→ **Aim of the exercise**: Reproduce exactly, from the line containing "Vintage Vintage 90s", every line down to the end of the data below.

==*==

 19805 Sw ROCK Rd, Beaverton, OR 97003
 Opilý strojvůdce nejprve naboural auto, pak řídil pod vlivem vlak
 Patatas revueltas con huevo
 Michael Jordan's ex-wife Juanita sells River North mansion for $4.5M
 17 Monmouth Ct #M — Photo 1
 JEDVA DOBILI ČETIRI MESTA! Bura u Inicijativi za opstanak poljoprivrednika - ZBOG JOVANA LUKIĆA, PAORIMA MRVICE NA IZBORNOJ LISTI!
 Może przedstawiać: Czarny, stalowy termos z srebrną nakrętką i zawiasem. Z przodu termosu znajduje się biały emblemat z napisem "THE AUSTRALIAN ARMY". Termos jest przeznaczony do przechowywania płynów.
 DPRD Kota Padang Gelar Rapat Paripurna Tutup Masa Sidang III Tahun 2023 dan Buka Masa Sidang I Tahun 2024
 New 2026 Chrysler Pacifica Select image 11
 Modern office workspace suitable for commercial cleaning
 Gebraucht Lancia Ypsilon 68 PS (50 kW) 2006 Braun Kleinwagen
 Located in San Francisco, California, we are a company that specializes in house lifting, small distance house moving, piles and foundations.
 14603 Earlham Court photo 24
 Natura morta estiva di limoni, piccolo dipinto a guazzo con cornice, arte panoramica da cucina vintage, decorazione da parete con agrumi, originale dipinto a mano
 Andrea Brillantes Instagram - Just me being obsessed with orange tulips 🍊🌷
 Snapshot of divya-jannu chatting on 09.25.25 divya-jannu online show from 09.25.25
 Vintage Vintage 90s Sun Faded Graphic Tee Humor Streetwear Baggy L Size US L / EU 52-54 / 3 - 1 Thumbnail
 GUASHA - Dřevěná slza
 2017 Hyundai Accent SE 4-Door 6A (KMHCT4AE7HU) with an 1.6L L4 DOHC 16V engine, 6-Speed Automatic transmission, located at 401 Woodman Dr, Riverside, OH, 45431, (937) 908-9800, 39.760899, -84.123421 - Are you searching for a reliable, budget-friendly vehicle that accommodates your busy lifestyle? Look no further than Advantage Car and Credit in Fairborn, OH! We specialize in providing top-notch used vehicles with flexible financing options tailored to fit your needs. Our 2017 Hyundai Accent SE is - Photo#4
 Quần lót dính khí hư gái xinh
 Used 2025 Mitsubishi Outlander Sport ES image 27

==*==

→ **Task solution**:
 Vintage Vintage 90s Sun Faded Graphic Tee Humor Streetwear Baggy L Size US L / EU 52-54 / 3 - 1 Thumbnail
 GUASHA - Dřevěná slza
 2017 Hyundai Accent SE 4-Door 6A (KMHCT4AE7HU) with an 1.6L L4 DOHC 16V engine, 6-Speed Automatic transmission, located at 401 Woodman Dr, Riverside, OH, 45431, (937) 908-9800, 39.760899, -84.123421 - Are you searching for a reliable, budget-friendly vehicle that accommodates your busy lifestyle? Look no further than Advantage Car and Credit in Fairborn, OH! We specialize in providing top-notch used vehicles with flexible financing options tailored to fit your needs. Our 2017 Hyundai Accent SE is - Photo#4
 Quần lót dính khí hư gái xinh
 Used 2025 Mitsubishi Outlander Sport ES image 27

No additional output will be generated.